## Problem details
Each entry that follows should be given again word for word; please leave out its pictures.

Start of Recorded information

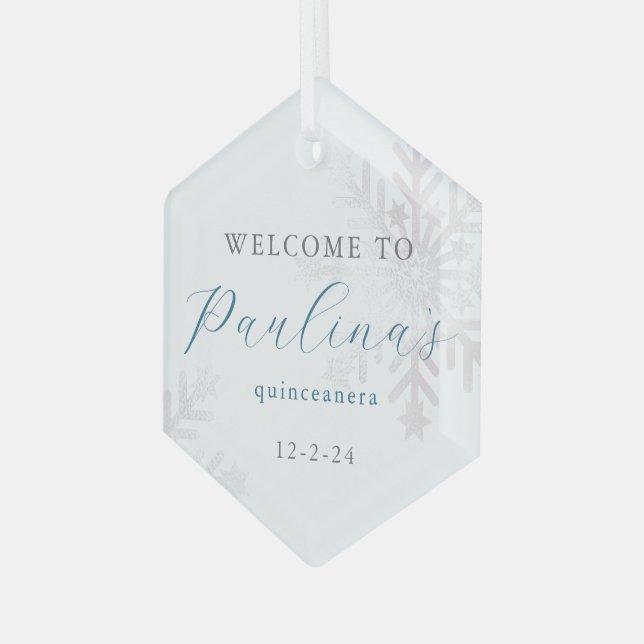 Adorno De Cristal Winter Mis Quince Quinceañera (Anverso Izquierdo)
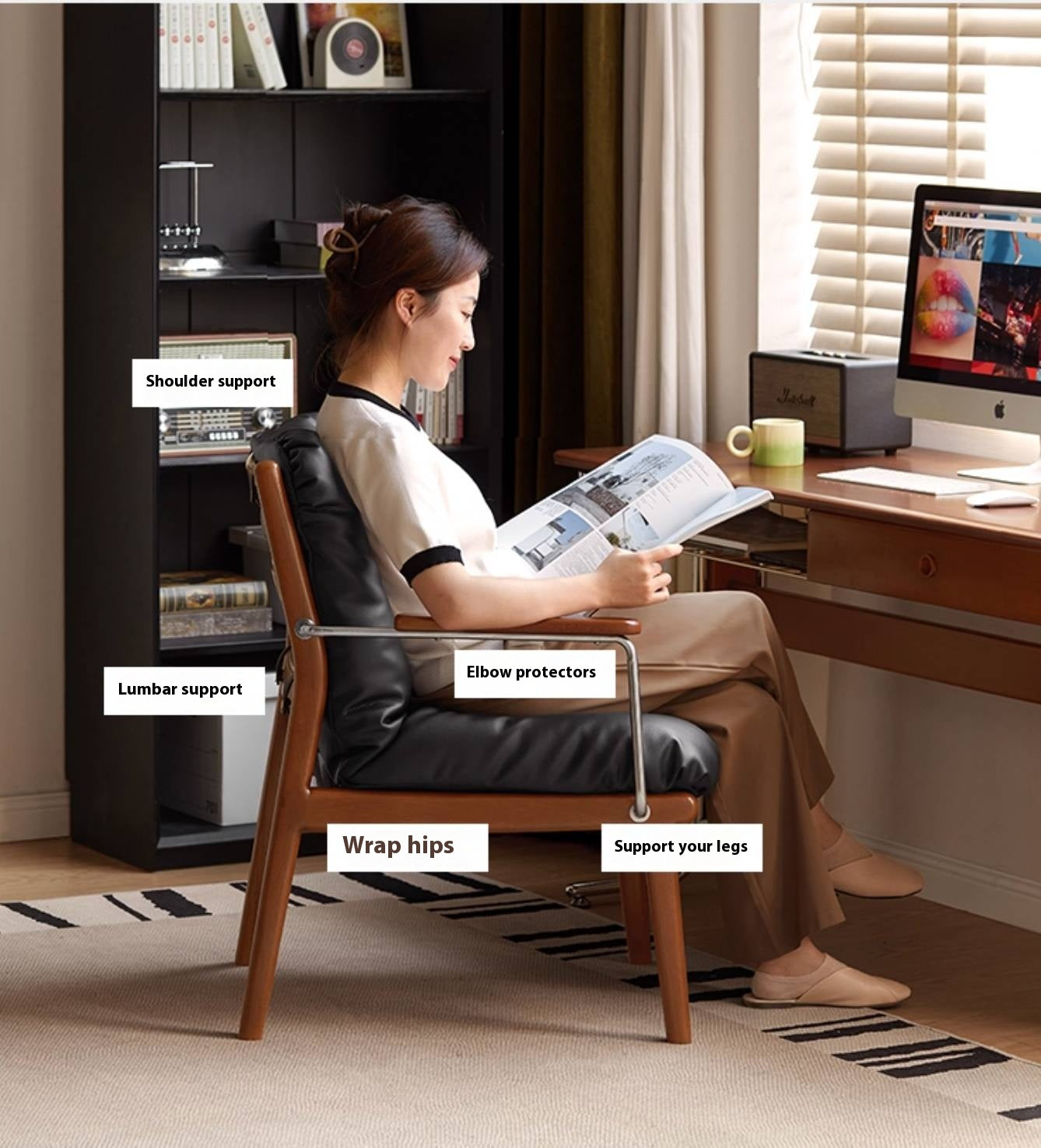 Solid Rubberwood Bauhaus Style Armchair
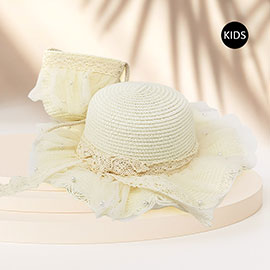 2PCS - Pearl Embellished Straw Kids Sun Hat Crossbody Bag Set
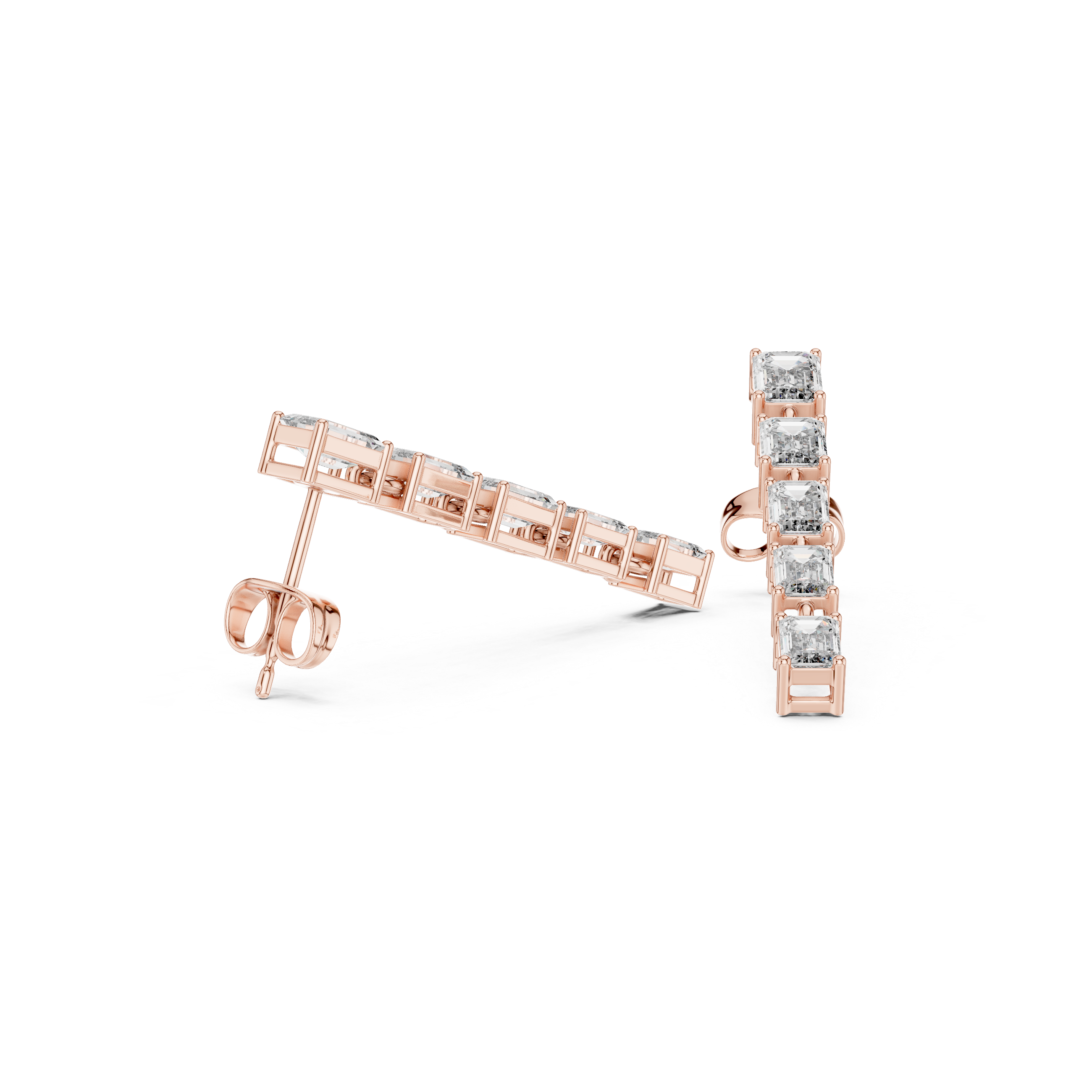 Emerald Cut Diamond Linear Bar Stud Earrings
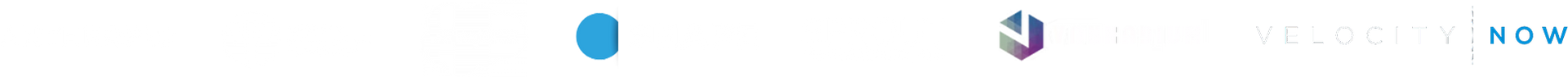 Minimal white header with three small centered icons, including a blue dot and a purple logo.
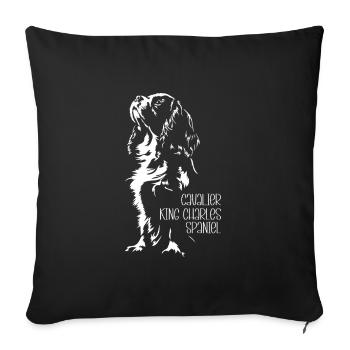 Cavalier King Charles Spaniel Chien Chien Wilsigns - Housse de coussin décorative 45 x 45 cm - noir - Devant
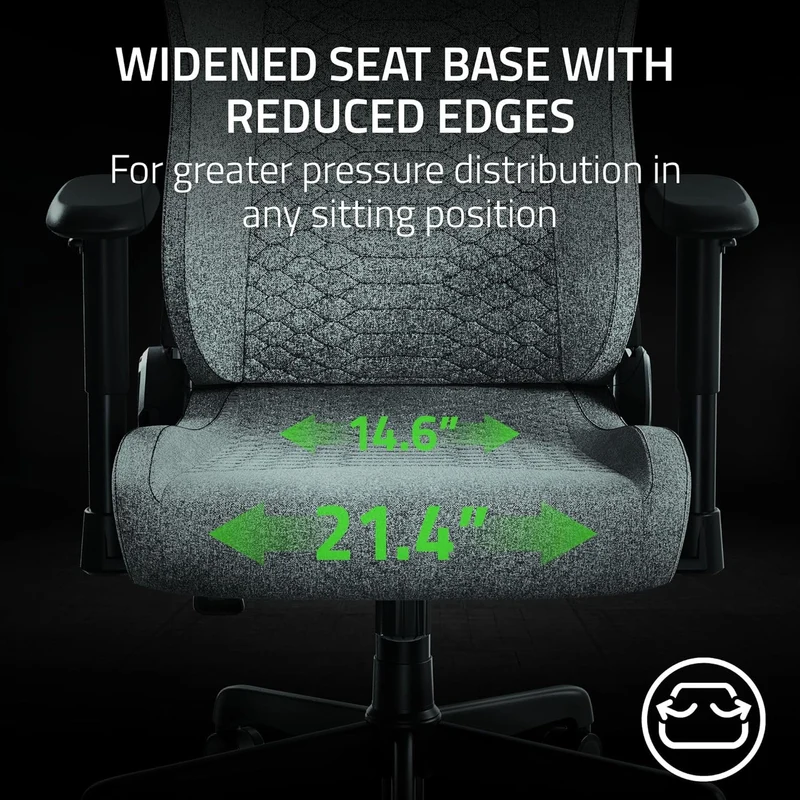 Razer Iskur V2 X Fabric Essential Gaming Chair with Built-in Lumbar Support (Black/Green, Light Gray)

End of Recorded information

## Exercise output
 Adorno De Cristal Winter Mis Quince Quinceañera (Anverso Izquierdo)
 Solid Rubberwood Bauhaus Style Armchair
 2PCS - Pearl Embellished Straw Kids Sun Hat Crossbody Bag Set
 Emerald Cut Diamond Linear Bar Stud Earrings
 Minimal white header with three small centered icons, including a blue dot and a purple logo.
 Cavalier King Charles Spaniel Chien Chien Wilsigns - Housse de coussin décorative 45 x 45 cm - noir - Devant
 Razer Iskur V2 X Fabric Essential Gaming Chair with Built-in Lumbar Support (Black/Green, Light Gray)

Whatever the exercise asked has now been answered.